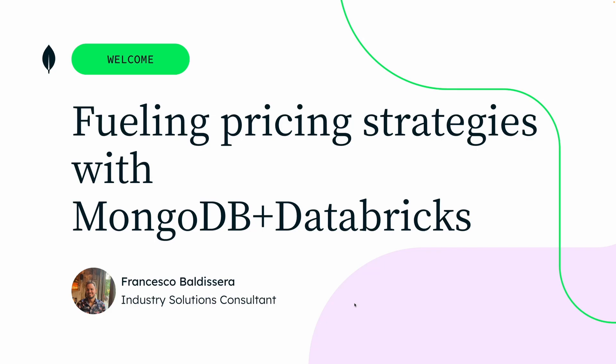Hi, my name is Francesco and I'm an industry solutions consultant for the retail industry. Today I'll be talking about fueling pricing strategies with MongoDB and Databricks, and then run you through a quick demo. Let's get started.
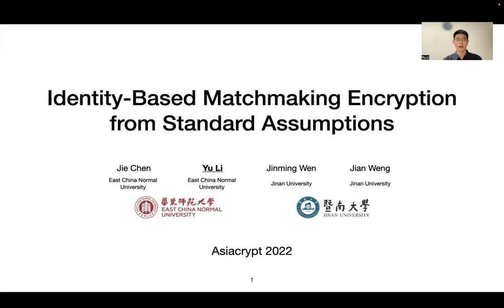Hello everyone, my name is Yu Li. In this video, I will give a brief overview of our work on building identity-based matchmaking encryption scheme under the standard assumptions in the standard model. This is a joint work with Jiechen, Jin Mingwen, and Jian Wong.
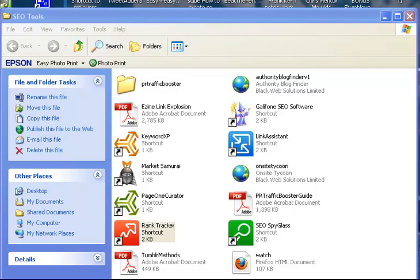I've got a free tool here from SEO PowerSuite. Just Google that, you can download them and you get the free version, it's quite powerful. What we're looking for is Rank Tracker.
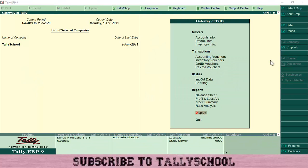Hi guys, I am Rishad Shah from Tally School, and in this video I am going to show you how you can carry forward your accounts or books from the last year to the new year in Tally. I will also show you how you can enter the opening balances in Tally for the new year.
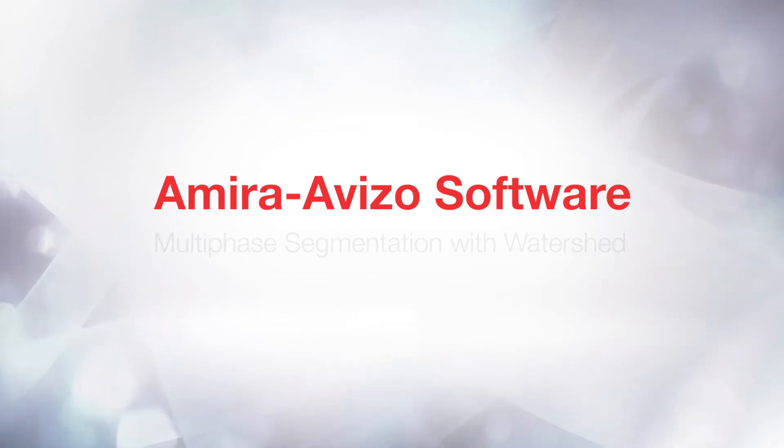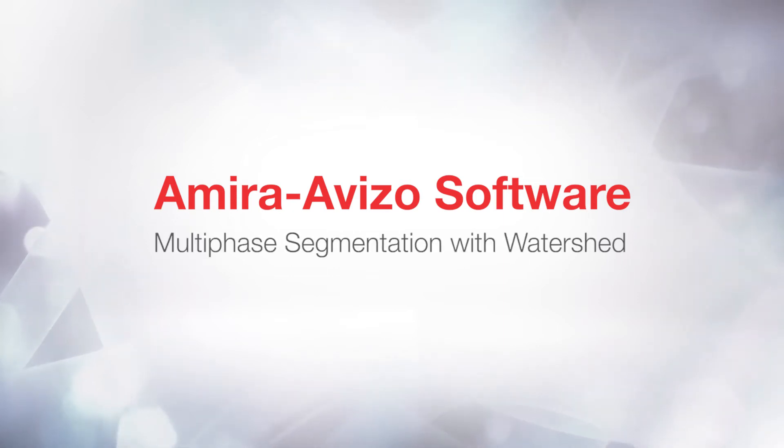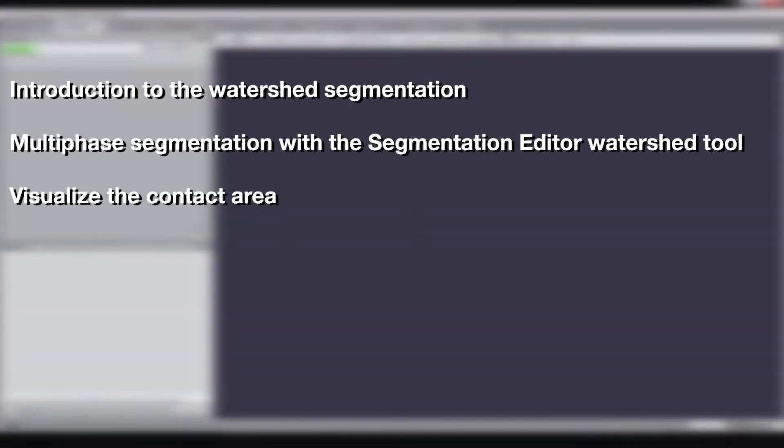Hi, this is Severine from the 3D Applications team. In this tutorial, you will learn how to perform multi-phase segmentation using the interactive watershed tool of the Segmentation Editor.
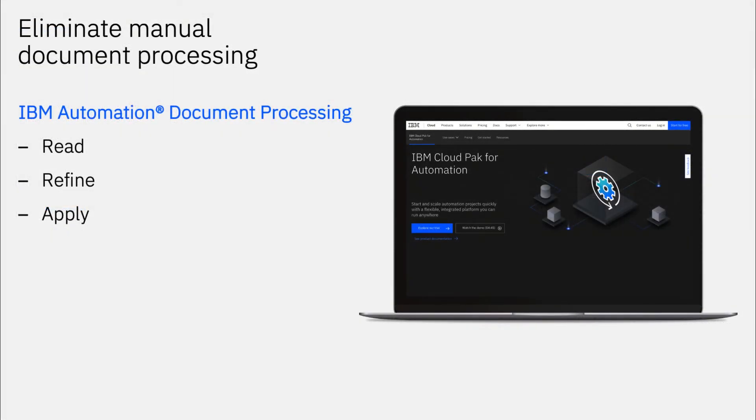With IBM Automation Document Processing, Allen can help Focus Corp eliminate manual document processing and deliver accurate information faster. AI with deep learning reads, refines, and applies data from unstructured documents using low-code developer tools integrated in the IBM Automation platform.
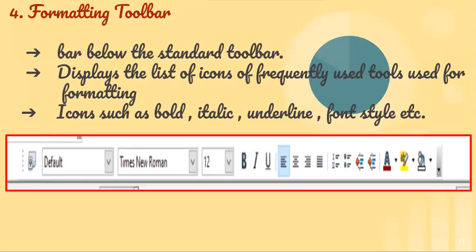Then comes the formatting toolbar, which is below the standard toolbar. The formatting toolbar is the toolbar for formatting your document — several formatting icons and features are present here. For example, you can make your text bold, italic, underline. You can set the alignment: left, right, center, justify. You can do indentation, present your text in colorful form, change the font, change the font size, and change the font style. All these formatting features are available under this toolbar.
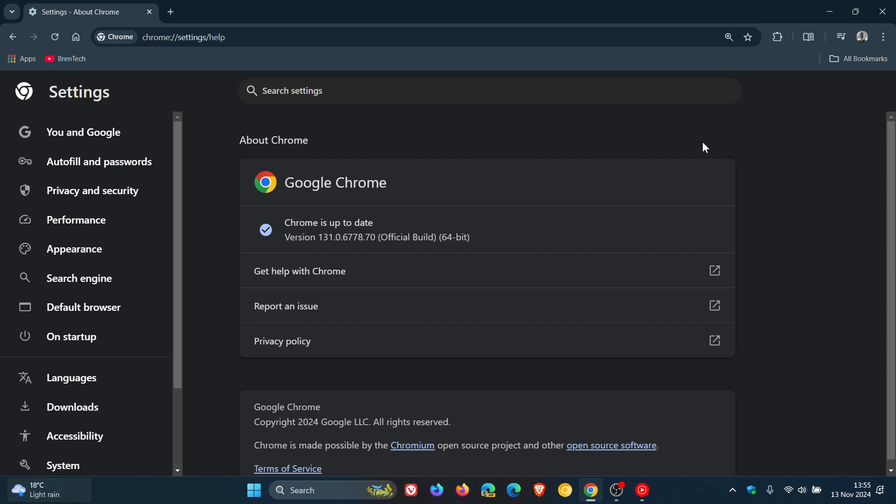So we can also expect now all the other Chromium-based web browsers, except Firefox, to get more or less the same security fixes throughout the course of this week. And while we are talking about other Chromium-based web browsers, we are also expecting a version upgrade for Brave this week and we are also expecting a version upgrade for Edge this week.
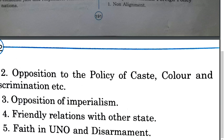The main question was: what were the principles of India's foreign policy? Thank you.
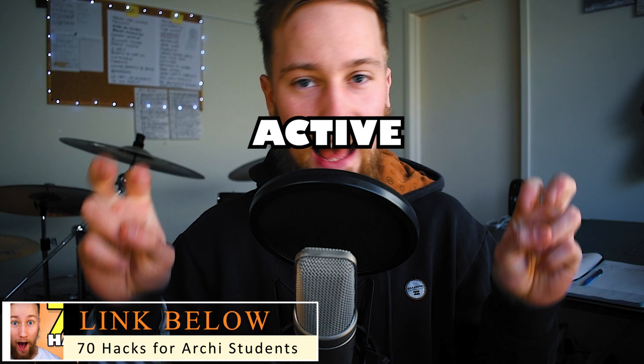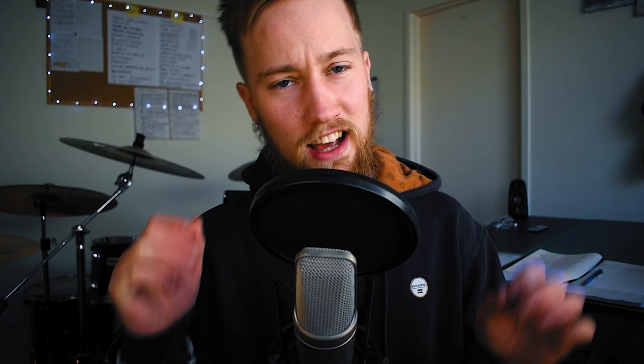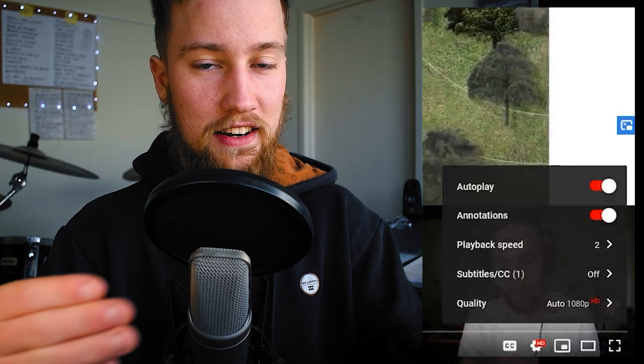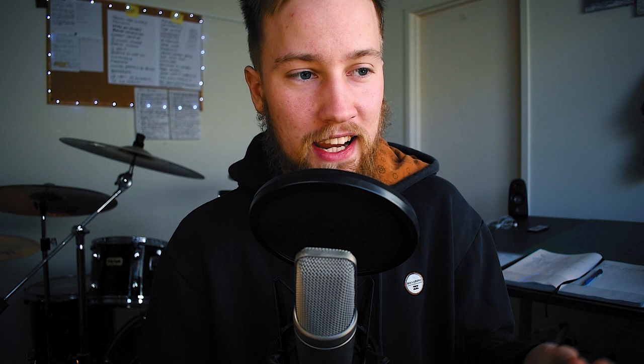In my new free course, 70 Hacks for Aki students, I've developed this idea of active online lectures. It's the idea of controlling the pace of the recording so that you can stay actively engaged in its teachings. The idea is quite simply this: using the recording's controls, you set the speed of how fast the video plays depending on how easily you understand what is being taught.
_____
- [DESCRIPTION OF THE TASK]:
Reproduce the material above exactly, first line through the line that contains "Then comes the", minus the pictures.

- [SOLVED PROBLEM]:
Hi, my name is Francesco and I'm an industry solutions consultant for the retail industry. Today I'll be talking about fueling pricing strategies with MongoDB and Databricks, and then run you through a quick demo. Let's get started.
Hello everyone, my name is Yu Li. In this video, I will give a brief overview of our work on building identity-based matchmaking encryption scheme under the standard assumptions in the standard model. This is a joint work with Jiechen, Jin Mingwen, and Jian Wong.
I've got a free tool here from SEO PowerSuite. Just Google that, you can download them and you get the free version, it's quite powerful. What we're looking for is Rank Tracker.
Hi guys, I am Rishad Shah from Tally School, and in this video I am going to show you how you can carry forward your accounts or books from the last year to the new year in Tally. I will also show you how you can enter the opening balances in Tally for the new year.
Hi, this is Severine from the 3D Applications team. In this tutorial, you will learn how to perform multi-phase segmentation using the interactive watershed tool of the Segmentation Editor.
With IBM Automation Document Processing, Allen can help Focus Corp eliminate manual document processing and deliver accurate information faster. AI with deep learning reads, refines, and applies data from unstructured documents using low-code developer tools integrated in the IBM Automation platform.
Then comes the formatting toolbar, which is below the standard toolbar. The formatting toolbar is the toolbar for formatting your document — several formatting icons and features are present here. For example, you can make your text bold, italic, underline. You can set the alignment: left, right, center, justify. You can do indentation, present your text in colorful form, change the font, change the font size, and change the font style. All these formatting features are available under this toolbar.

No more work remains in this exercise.